• Work order
In the records below, find the lines that include "body" and copy each.
□ □ □ □ □ □ □
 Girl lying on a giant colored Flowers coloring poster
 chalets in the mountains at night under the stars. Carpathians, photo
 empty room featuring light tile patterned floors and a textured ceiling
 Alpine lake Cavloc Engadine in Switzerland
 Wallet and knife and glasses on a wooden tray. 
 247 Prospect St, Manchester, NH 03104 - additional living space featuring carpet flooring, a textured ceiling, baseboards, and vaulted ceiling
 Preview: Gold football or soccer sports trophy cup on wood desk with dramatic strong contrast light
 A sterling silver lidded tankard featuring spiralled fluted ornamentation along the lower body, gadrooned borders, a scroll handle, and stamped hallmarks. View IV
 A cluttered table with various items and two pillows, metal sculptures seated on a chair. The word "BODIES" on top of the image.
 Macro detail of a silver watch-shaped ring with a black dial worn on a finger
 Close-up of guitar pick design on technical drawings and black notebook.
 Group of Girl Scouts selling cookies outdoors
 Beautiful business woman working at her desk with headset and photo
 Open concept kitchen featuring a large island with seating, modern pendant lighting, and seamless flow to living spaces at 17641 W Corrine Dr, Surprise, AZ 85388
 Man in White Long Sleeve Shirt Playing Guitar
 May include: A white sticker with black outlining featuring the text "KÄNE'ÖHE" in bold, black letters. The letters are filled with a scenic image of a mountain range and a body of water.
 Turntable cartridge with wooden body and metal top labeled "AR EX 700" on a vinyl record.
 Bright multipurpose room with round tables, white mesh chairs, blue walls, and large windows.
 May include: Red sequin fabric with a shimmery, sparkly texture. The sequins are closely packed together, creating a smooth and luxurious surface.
□ □ □ □ □ □ □
• Response to the exercise
 A sterling silver lidded tankard featuring spiralled fluted ornamentation along the lower body, gadrooned borders, a scroll handle, and stamped hallmarks. View IV
 May include: A white sticker with black outlining featuring the text "KÄNE'ÖHE" in bold, black letters. The letters are filled with a scenic image of a mountain range and a body of water.
 Turntable cartridge with wooden body and metal top labeled "AR EX 700" on a vinyl record.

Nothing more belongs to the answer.